/ 3 December 2014

SA fails to reach research and development goals

South Africa struggles to compete with OECD countries and is on the technological back foot.
South Africa struggles to compete with OECD countries and is on the technological back foot.

South Africa has once again failed to meet its ambitious research and development (R&D) targets, with the percentage of gross domestic product spend on R&D stagnating at 0.76%. This puts total R&D spend for 2012-2013 at about R24-billion.

Government is the largest funder of R&D in the country, at 45%, with industry lagging at 38%, according to the latest annual R&D survey undertaken by the Centre for Science, Technology and Innovation Indicators at the Human Sciences Research Council.

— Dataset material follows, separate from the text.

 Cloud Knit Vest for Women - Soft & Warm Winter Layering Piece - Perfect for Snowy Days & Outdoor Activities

R&D spend is considered an important measure of a country’s ability to compete internationally, and offer new products and grow – factors that link into an increased capacity to create jobs.

Area for concern
The department of science and technology on Wednesday maintained that the spend was “improving following the contraction in the two consecutive years, 2009-2010 and 2010-2011. Gross domestic expenditure on research and development amounted to R23.871-billion, an increase of R1.662-billion (9.7%) on the R22.209-billion reported in 2011. It has increased in both nominal and real terms”.

The percentage of GDP spent on research has been flagged by the ANC as an area for concern and the party is pushing for 1.5%, which is almost double the 0.76% achieved in 2012-2013.

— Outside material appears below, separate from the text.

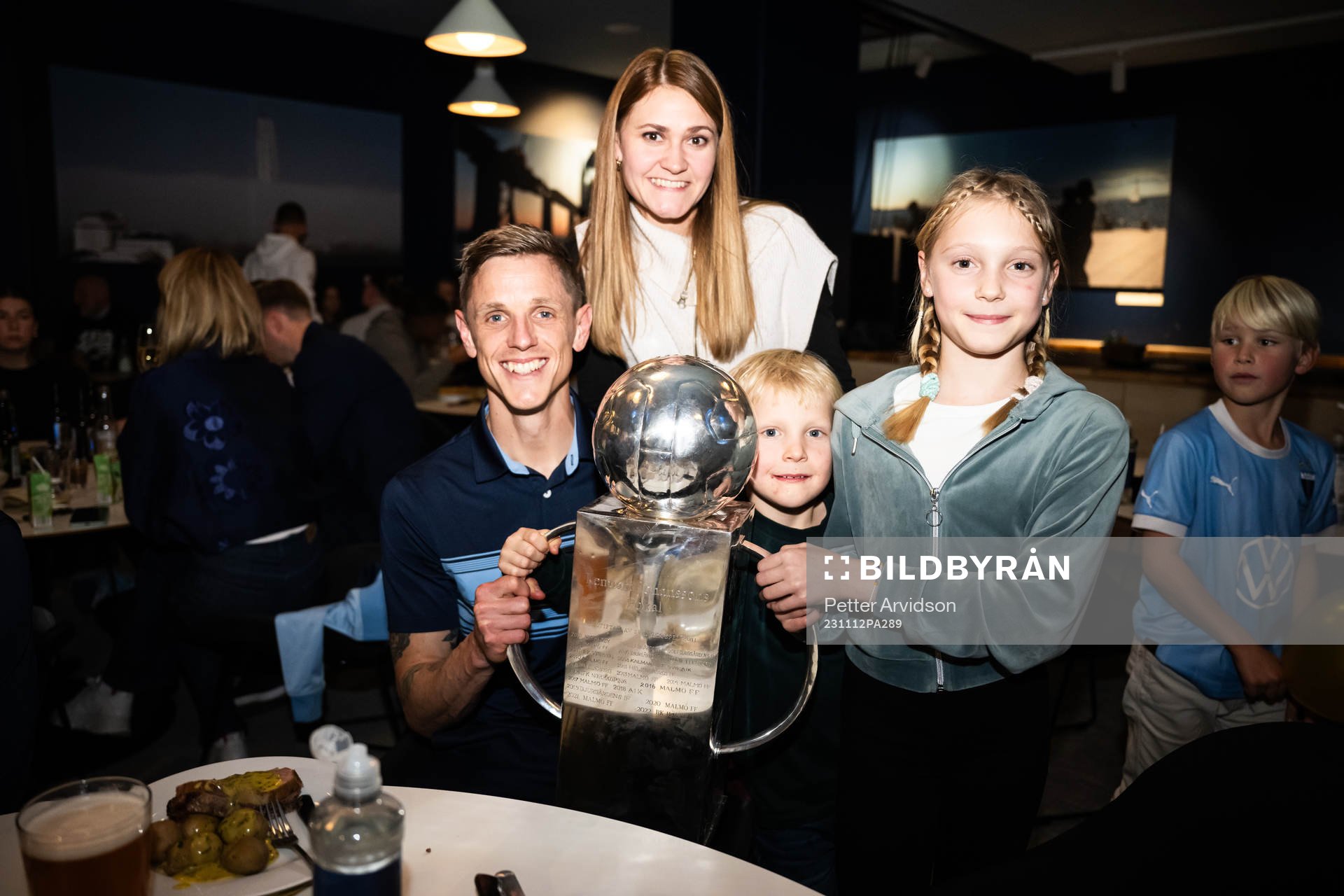 Malmö FFs Søren Rieks med familj på guldbanketten för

In context, keeping the percentage of GDP spend static is a victory at a time when the treasury is preaching fiscal austerity. According to the executive summary of the report: “The trend shows that gross domestic expenditure on research and development as a percentage of GDP increased from 0.6% in 1997-1998, peaked at 0.95% in 2006-2007, and declined until it reached 0.76%, where is has remained for three consecutive years.”

The average for Organisation for Economic Co-operation and Development countries is about 2.4%, which means that South Africa struggles to compete with these countries and is on the technological back foot. Other emerging countries, such as some of South Africa’s Brics partners (Brazil, Russia, India and China) also have substantially higher GDP-spend percentages.

Business
But a major source of concern is business’s reticence to undertake research in the country. While internationally and at home R&D spend took a dip owing to the 2008 financial crisis, the South African business sector’s investments have not recovered.

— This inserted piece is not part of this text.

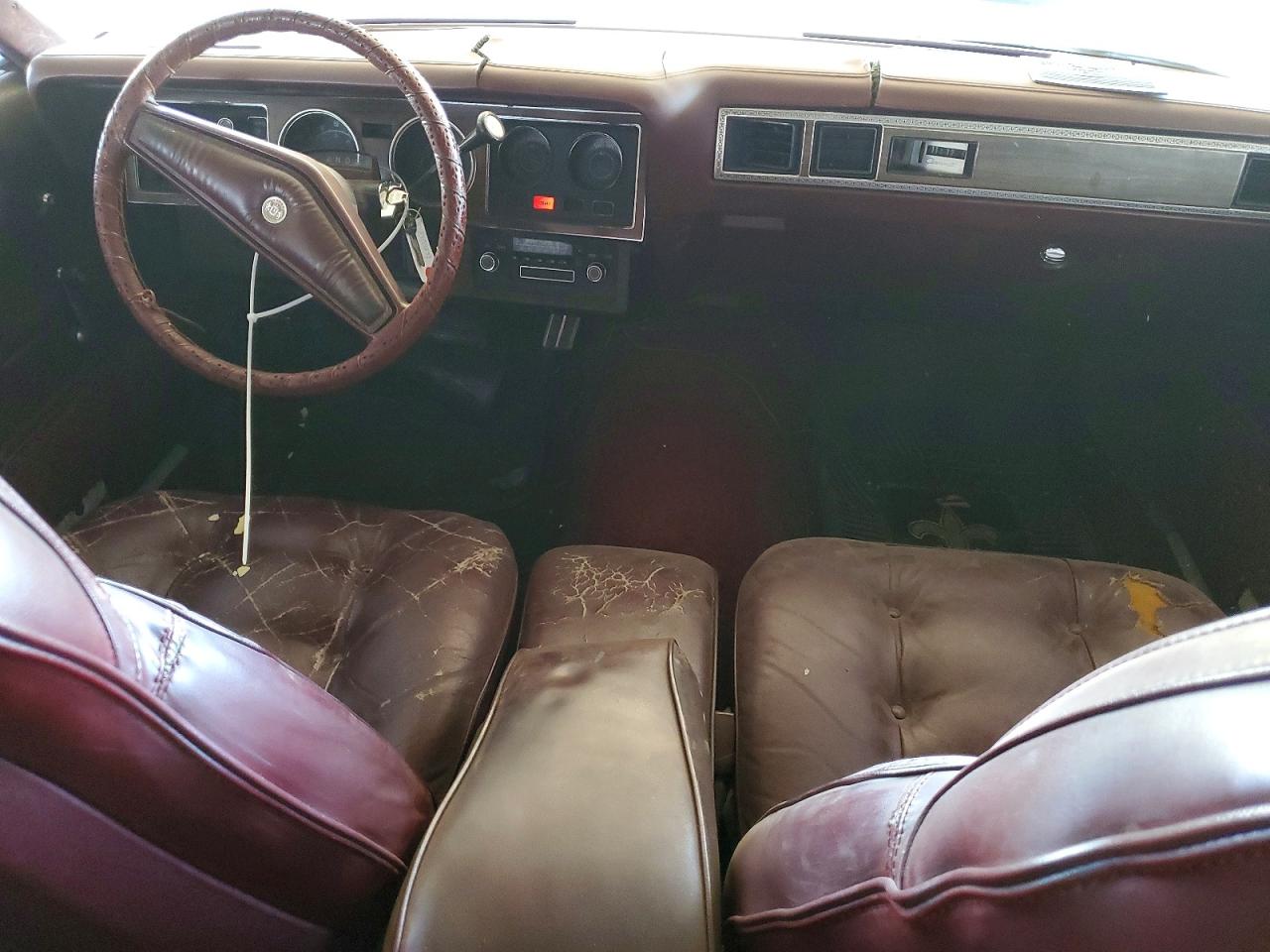 1976 Chrysler Cordoba Burgundy vin: SS22K6R152334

Its R&D spend was R10.571-billion in 2012-2013, which represents a decline of almost 4% between 2011-2012 and 2012-2013. Also notable was that business mostly undertook this research within the business sector (rather than in universities) and that the majority was spent on financial intermediation, real estate and business services, rather than the beleaguered manufacturing sector, which was once business’s R&D mainstay.

The good news is that the R&D personnel headcount increased by 9.1%, from 59 489 in 2011-2012 to 64 917 in 2012-2013, mainly owing to more researchers undertaking research at higher education institutions.